--- Input data Enclosed Below ---

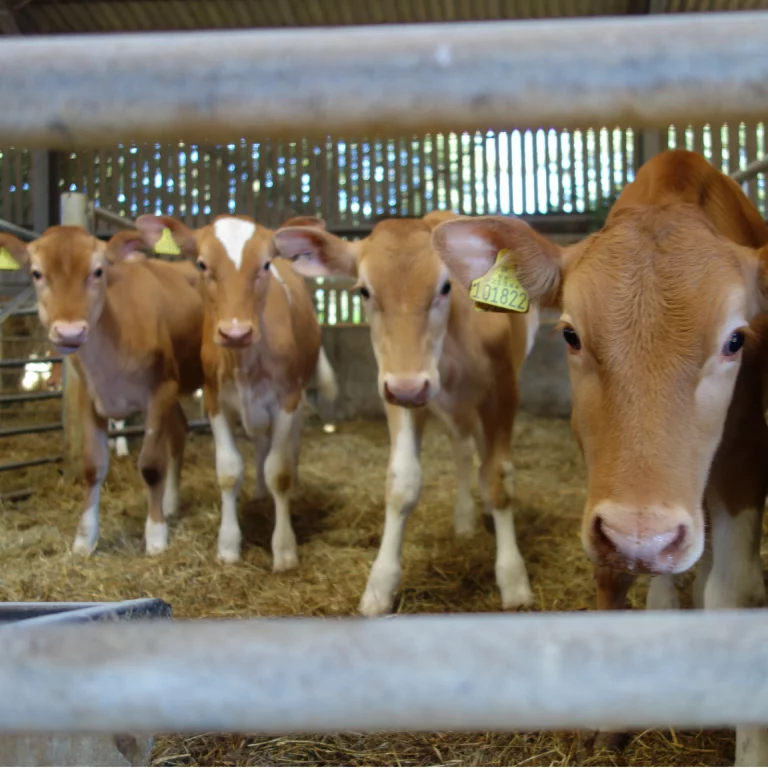 Calves Ducks 4 Kingdoms Animal Barn Pettings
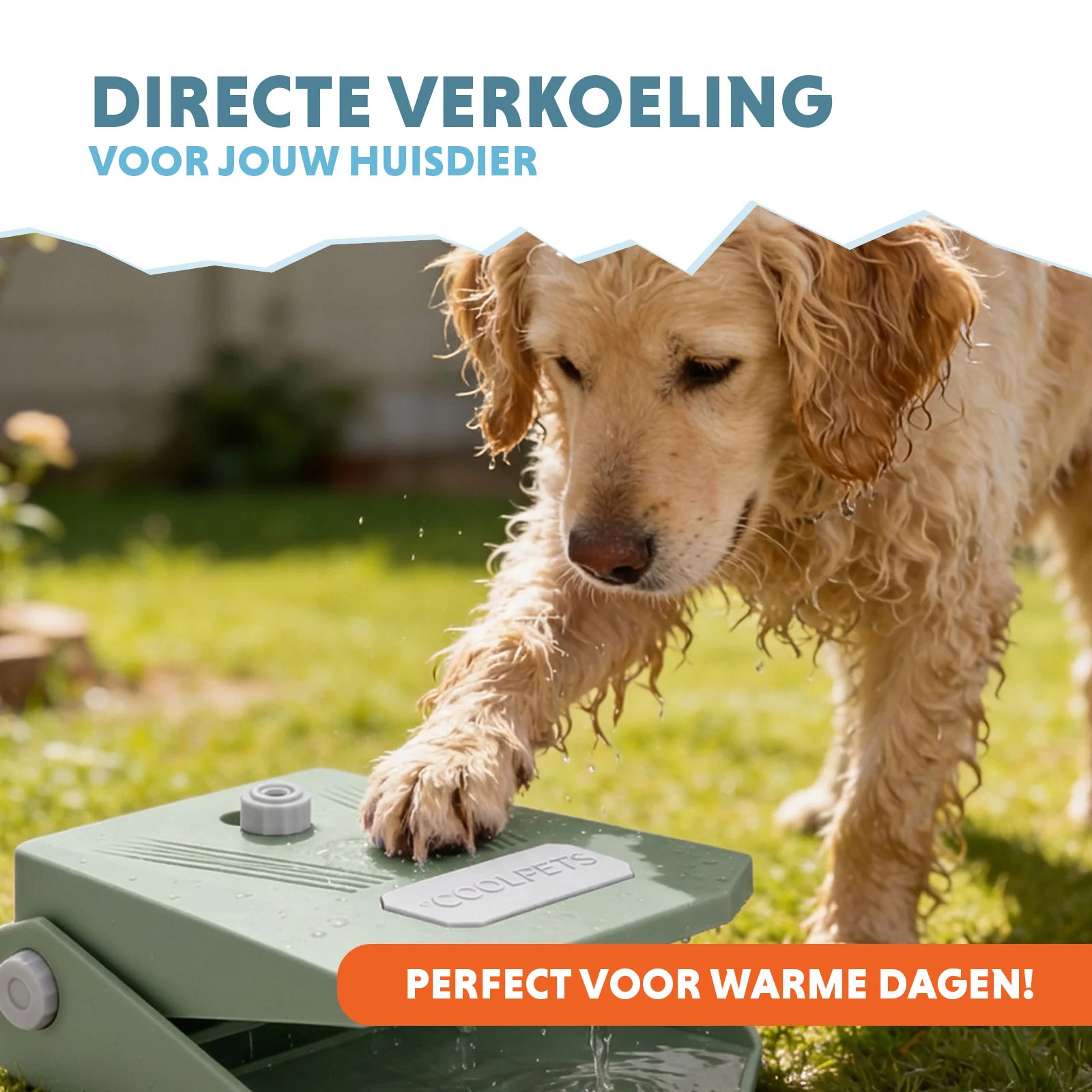 Fontanna dla psa z pedałem nożnym i przyłączem do węża ogrodowego, oliwkowozielona – Coolpets Splash Water Fountain - obrazek 2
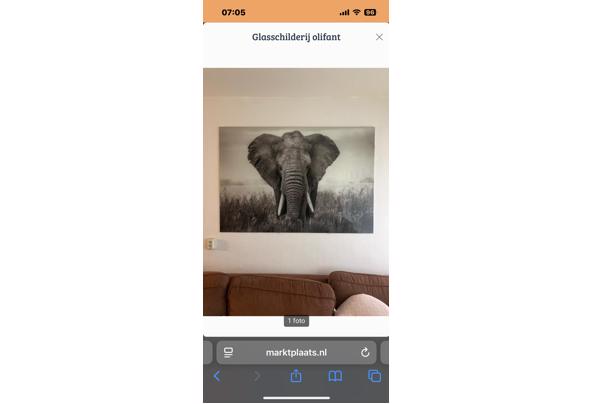 Glasschilderij olifant - IMG_4631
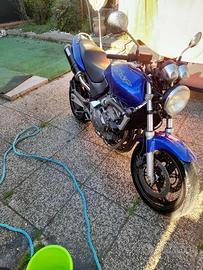 Honda hornet 600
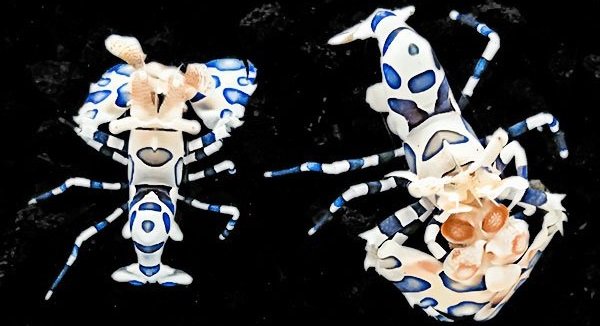 Harlequin shrimp are incredible hunters!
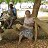 ���� Omlutu, ������ - ��������� 20 ����� 2016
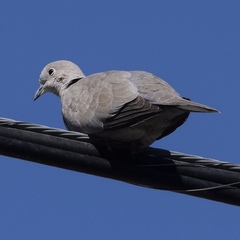 Streptopelia decaocto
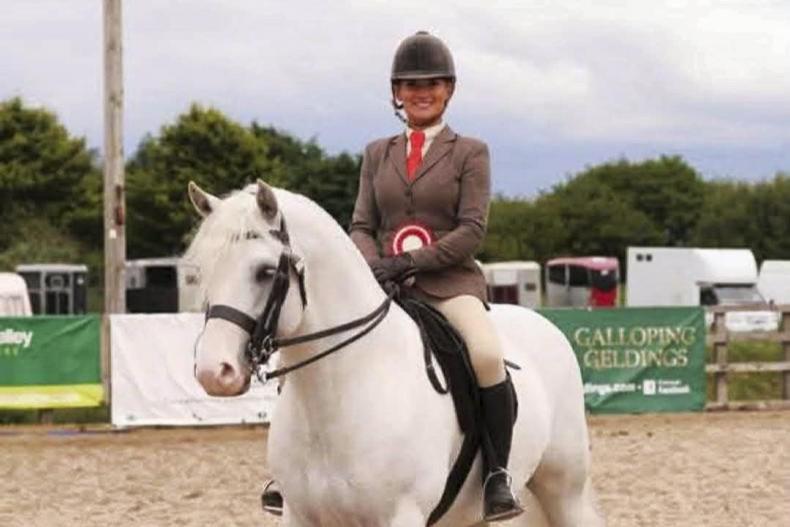 Connemara broodmare blueprint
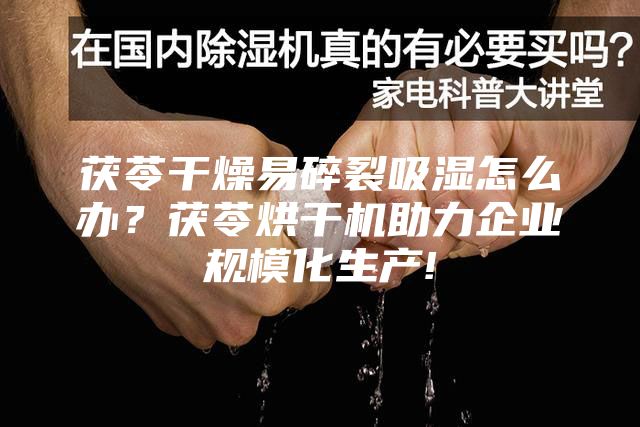 茯苓干燥易碎裂吸濕怎么辦?茯苓烘干機助力企業規模化生產!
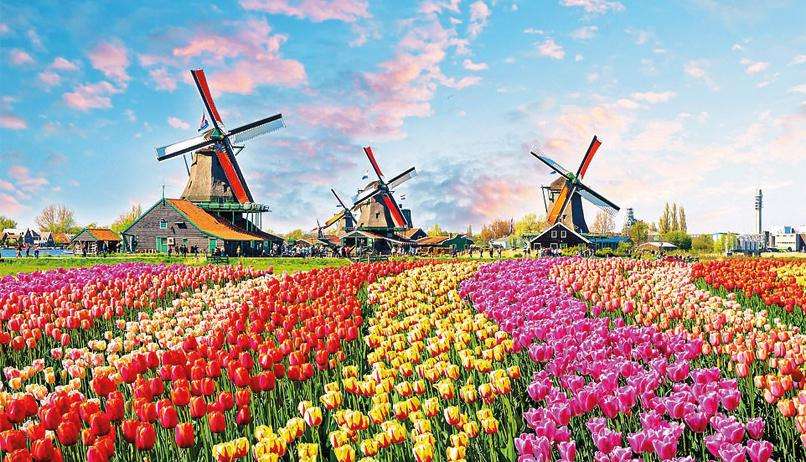 السعودية تستهدف إنتاج 2 مليار وردة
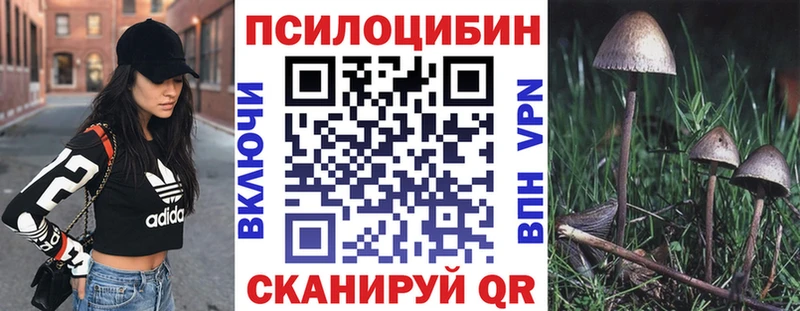 Галлюциногенные грибы Psilocybine cubensis  Кунгур 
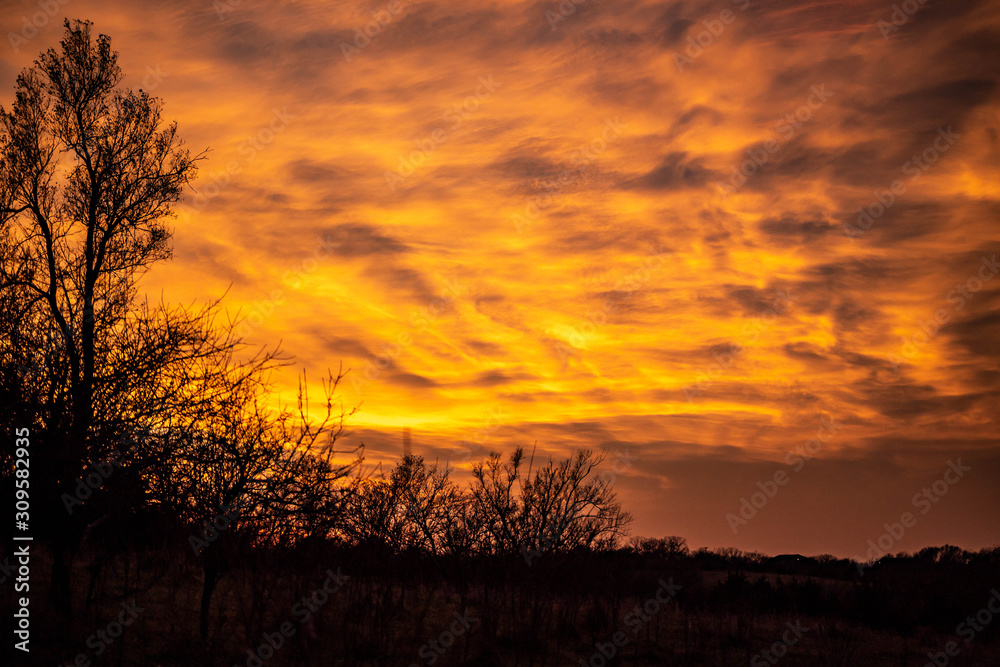 Golden sunset over a rural landscape and countryside with trees silhouetted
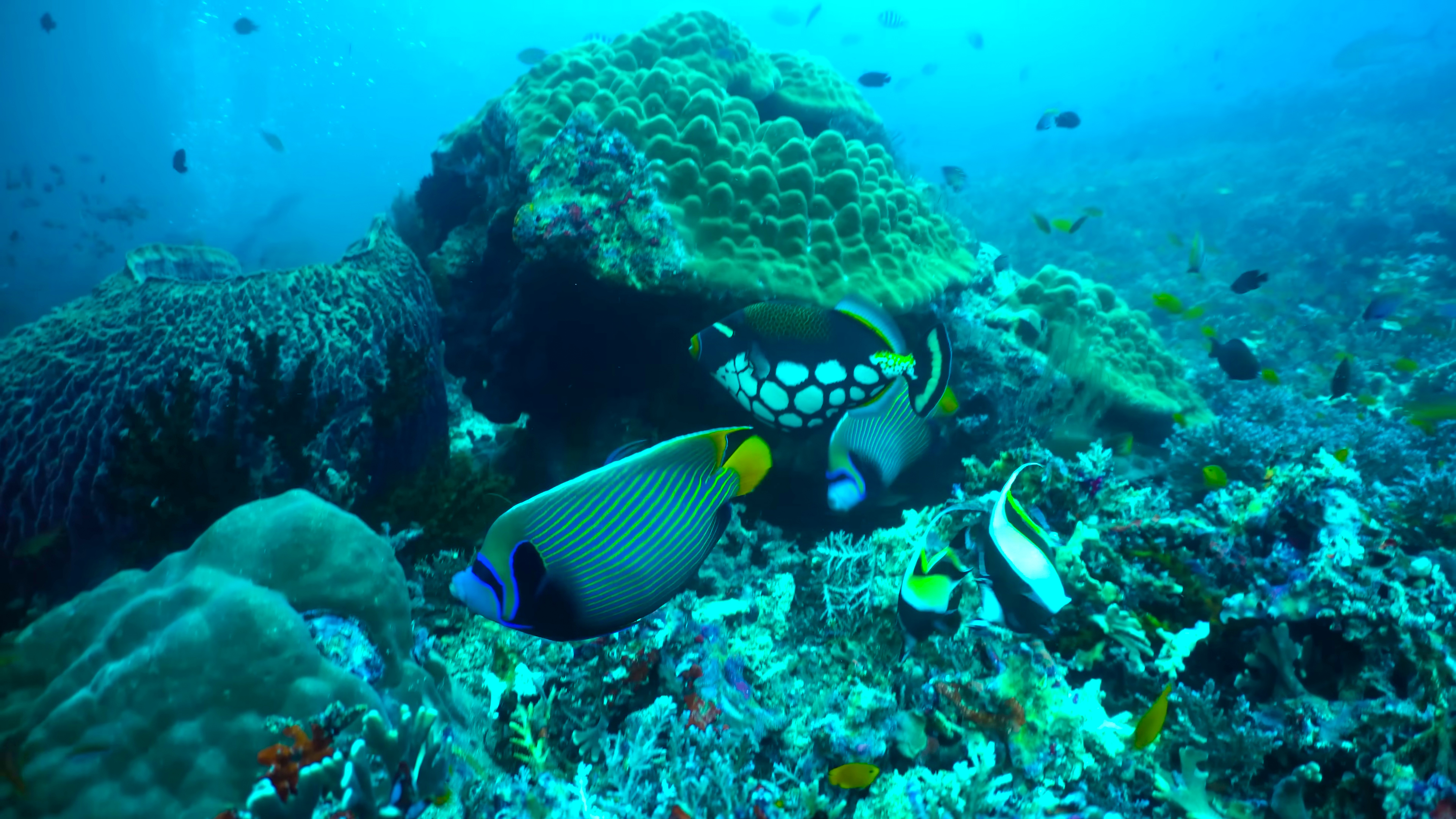 DISCOVER SPECIES ON REMOTE TROPICAL ISLANDS IN HEALTHY CORAL REEFS thumbnail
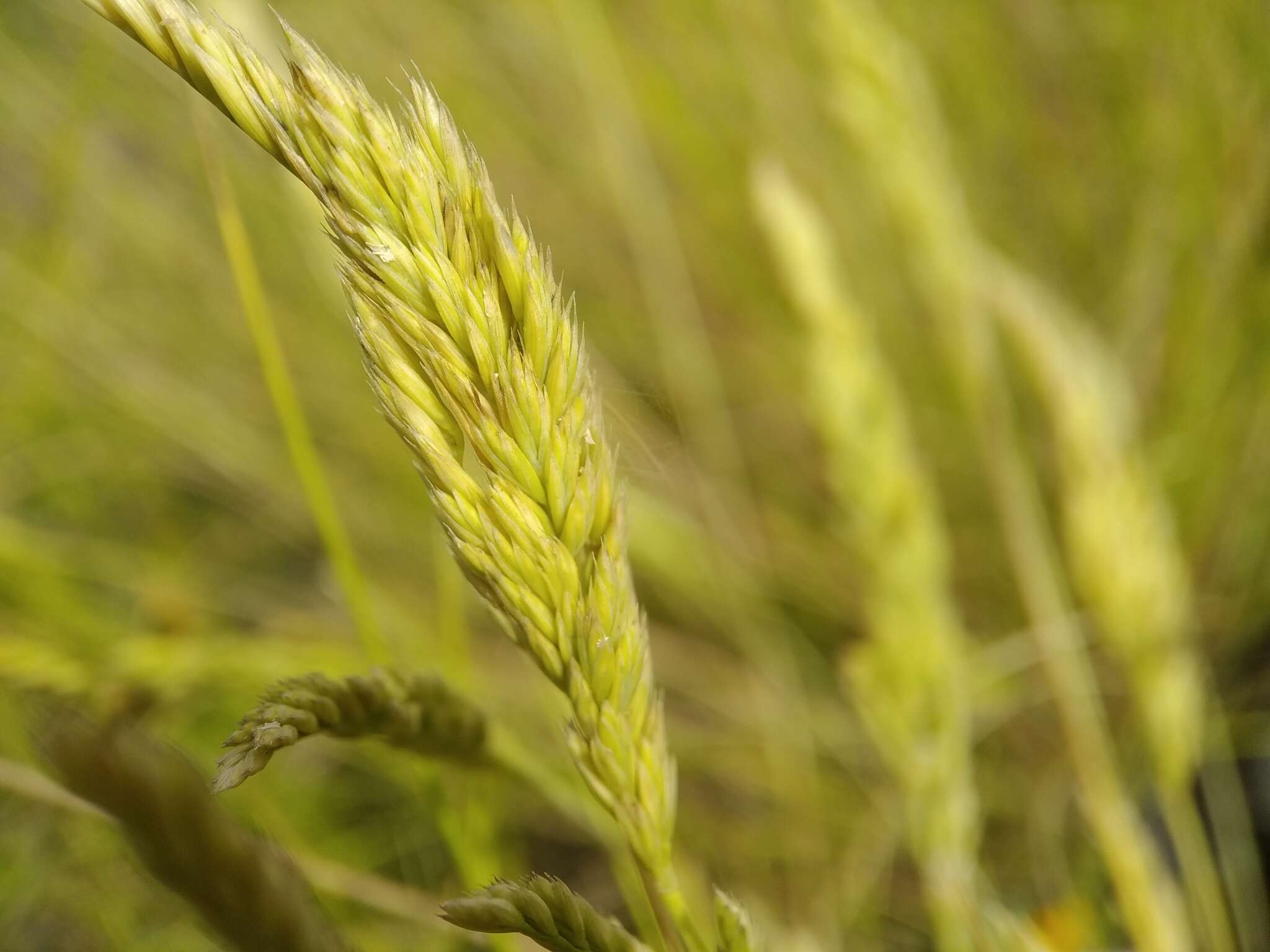 Image of Festuca petraea Guthnick ex Seub.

--- End of Enclosed Input data ---

**Your assignment:** Leaving out each picture, repeat exactly the lines above from the one that contains "Honda hornet 600" through the one that contains "Галлюциногенные грибы Psilocybine".

**Task response:**
 Honda hornet 600
 Harlequin shrimp are incredible hunters!
 ���� Omlutu, ������ - ��������� 20 ����� 2016
 Streptopelia decaocto
 Connemara broodmare blueprint
 茯苓干燥易碎裂吸濕怎么辦?茯苓烘干機助力企業規模化生產!
 السعودية تستهدف إنتاج 2 مليار وردة
 Галлюциногенные грибы Psilocybine cubensis  Кунгур 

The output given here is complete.